___ Source records ___

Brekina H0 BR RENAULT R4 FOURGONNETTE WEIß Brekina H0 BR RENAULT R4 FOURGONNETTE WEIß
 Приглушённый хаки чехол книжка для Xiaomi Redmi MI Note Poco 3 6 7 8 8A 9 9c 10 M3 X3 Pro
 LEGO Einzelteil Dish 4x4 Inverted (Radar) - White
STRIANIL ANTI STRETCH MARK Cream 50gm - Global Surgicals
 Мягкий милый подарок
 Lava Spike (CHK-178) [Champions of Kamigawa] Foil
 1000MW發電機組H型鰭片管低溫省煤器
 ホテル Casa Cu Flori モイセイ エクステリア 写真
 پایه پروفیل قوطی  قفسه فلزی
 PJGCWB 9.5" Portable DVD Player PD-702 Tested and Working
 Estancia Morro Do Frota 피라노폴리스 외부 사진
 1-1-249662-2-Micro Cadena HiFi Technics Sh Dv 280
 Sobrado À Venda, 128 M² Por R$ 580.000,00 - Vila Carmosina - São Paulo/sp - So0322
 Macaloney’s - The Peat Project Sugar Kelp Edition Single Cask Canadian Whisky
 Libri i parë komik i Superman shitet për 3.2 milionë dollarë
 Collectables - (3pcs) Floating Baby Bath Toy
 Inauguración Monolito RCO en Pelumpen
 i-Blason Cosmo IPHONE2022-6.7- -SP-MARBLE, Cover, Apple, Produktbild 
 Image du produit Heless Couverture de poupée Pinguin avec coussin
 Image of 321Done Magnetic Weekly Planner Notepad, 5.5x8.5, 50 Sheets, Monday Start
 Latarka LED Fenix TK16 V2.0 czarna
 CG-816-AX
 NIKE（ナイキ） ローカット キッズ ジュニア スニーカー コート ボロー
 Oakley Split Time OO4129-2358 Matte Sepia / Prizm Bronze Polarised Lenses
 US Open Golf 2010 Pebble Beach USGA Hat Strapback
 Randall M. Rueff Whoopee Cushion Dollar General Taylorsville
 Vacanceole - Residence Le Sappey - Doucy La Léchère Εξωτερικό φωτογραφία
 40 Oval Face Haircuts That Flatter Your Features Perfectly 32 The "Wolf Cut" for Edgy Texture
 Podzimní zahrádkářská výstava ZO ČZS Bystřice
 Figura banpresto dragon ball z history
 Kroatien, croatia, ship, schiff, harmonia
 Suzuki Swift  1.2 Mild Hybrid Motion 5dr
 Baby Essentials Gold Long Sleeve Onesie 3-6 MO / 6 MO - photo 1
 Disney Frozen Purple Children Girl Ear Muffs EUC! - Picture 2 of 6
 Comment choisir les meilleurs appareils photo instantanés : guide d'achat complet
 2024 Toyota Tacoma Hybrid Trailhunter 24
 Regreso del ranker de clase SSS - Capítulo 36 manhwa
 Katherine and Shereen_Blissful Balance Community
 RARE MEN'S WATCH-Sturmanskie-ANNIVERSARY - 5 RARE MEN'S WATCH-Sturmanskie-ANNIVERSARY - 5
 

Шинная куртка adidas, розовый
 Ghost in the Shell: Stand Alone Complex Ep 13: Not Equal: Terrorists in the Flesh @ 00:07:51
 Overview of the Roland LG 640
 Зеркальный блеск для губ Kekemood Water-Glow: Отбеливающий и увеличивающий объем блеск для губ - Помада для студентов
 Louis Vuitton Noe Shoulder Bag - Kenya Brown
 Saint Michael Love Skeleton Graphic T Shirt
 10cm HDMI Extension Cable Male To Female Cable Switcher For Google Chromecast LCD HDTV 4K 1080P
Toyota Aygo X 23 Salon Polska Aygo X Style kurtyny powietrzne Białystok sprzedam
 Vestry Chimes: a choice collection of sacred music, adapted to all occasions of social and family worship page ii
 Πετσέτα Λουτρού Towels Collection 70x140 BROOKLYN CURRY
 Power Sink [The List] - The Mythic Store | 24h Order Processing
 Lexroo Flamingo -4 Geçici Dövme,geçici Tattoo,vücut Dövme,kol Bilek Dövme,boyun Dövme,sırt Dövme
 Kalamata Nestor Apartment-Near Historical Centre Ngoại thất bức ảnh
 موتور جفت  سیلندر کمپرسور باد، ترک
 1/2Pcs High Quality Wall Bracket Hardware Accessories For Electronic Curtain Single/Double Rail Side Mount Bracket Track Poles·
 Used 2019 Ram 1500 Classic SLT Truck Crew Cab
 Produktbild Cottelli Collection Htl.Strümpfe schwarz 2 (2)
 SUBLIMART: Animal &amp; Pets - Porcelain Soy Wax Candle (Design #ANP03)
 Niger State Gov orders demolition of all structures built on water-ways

___

▸ Task directions: Each record above is to be reproduced verbatim.

▸ Expected answer:
Brekina H0 BR RENAULT R4 FOURGONNETTE WEIß Brekina H0 BR RENAULT R4 FOURGONNETTE WEIß
 Приглушённый хаки чехол книжка для Xiaomi Redmi MI Note Poco 3 6 7 8 8A 9 9c 10 M3 X3 Pro
 LEGO Einzelteil Dish 4x4 Inverted (Radar) - White
STRIANIL ANTI STRETCH MARK Cream 50gm - Global Surgicals
 Мягкий милый подарок
 Lava Spike (CHK-178) [Champions of Kamigawa] Foil
 1000MW發電機組H型鰭片管低溫省煤器
 ホテル Casa Cu Flori モイセイ エクステリア 写真
 پایه پروفیل قوطی  قفسه فلزی
 PJGCWB 9.5" Portable DVD Player PD-702 Tested and Working
 Estancia Morro Do Frota 피라노폴리스 외부 사진
 1-1-249662-2-Micro Cadena HiFi Technics Sh Dv 280
 Sobrado À Venda, 128 M² Por R$ 580.000,00 - Vila Carmosina - São Paulo/sp - So0322
 Macaloney’s - The Peat Project Sugar Kelp Edition Single Cask Canadian Whisky
 Libri i parë komik i Superman shitet për 3.2 milionë dollarë
 Collectables - (3pcs) Floating Baby Bath Toy
 Inauguración Monolito RCO en Pelumpen
 i-Blason Cosmo IPHONE2022-6.7- -SP-MARBLE, Cover, Apple, Produktbild 
 Image du produit Heless Couverture de poupée Pinguin avec coussin
 Image of 321Done Magnetic Weekly Planner Notepad, 5.5x8.5, 50 Sheets, Monday Start
 Latarka LED Fenix TK16 V2.0 czarna
 CG-816-AX
 NIKE（ナイキ） ローカット キッズ ジュニア スニーカー コート ボロー
 Oakley Split Time OO4129-2358 Matte Sepia / Prizm Bronze Polarised Lenses
 US Open Golf 2010 Pebble Beach USGA Hat Strapback
 Randall M. Rueff Whoopee Cushion Dollar General Taylorsville
 Vacanceole - Residence Le Sappey - Doucy La Léchère Εξωτερικό φωτογραφία
 40 Oval Face Haircuts That Flatter Your Features Perfectly 32 The "Wolf Cut" for Edgy Texture
 Podzimní zahrádkářská výstava ZO ČZS Bystřice
 Figura banpresto dragon ball z history
 Kroatien, croatia, ship, schiff, harmonia
 Suzuki Swift  1.2 Mild Hybrid Motion 5dr
 Baby Essentials Gold Long Sleeve Onesie 3-6 MO / 6 MO - photo 1
 Disney Frozen Purple Children Girl Ear Muffs EUC! - Picture 2 of 6
 Comment choisir les meilleurs appareils photo instantanés : guide d'achat complet
 2024 Toyota Tacoma Hybrid Trailhunter 24
 Regreso del ranker de clase SSS - Capítulo 36 manhwa
 Katherine and Shereen_Blissful Balance Community
 RARE MEN'S WATCH-Sturmanskie-ANNIVERSARY - 5 RARE MEN'S WATCH-Sturmanskie-ANNIVERSARY - 5
 

Шинная куртка adidas, розовый
 Ghost in the Shell: Stand Alone Complex Ep 13: Not Equal: Terrorists in the Flesh @ 00:07:51
 Overview of the Roland LG 640
 Зеркальный блеск для губ Kekemood Water-Glow: Отбеливающий и увеличивающий объем блеск для губ - Помада для студентов
 Louis Vuitton Noe Shoulder Bag - Kenya Brown
 Saint Michael Love Skeleton Graphic T Shirt
 10cm HDMI Extension Cable Male To Female Cable Switcher For Google Chromecast LCD HDTV 4K 1080P
Toyota Aygo X 23 Salon Polska Aygo X Style kurtyny powietrzne Białystok sprzedam
 Vestry Chimes: a choice collection of sacred music, adapted to all occasions of social and family worship page ii
 Πετσέτα Λουτρού Towels Collection 70x140 BROOKLYN CURRY
 Power Sink [The List] - The Mythic Store | 24h Order Processing
 Lexroo Flamingo -4 Geçici Dövme,geçici Tattoo,vücut Dövme,kol Bilek Dövme,boyun Dövme,sırt Dövme
 Kalamata Nestor Apartment-Near Historical Centre Ngoại thất bức ảnh
 موتور جفت  سیلندر کمپرسور باد، ترک
 1/2Pcs High Quality Wall Bracket Hardware Accessories For Electronic Curtain Single/Double Rail Side Mount Bracket Track Poles·
 Used 2019 Ram 1500 Classic SLT Truck Crew Cab
 Produktbild Cottelli Collection Htl.Strümpfe schwarz 2 (2)
 SUBLIMART: Animal &amp; Pets - Porcelain Soy Wax Candle (Design #ANP03)
 Niger State Gov orders demolition of all structures built on water-ways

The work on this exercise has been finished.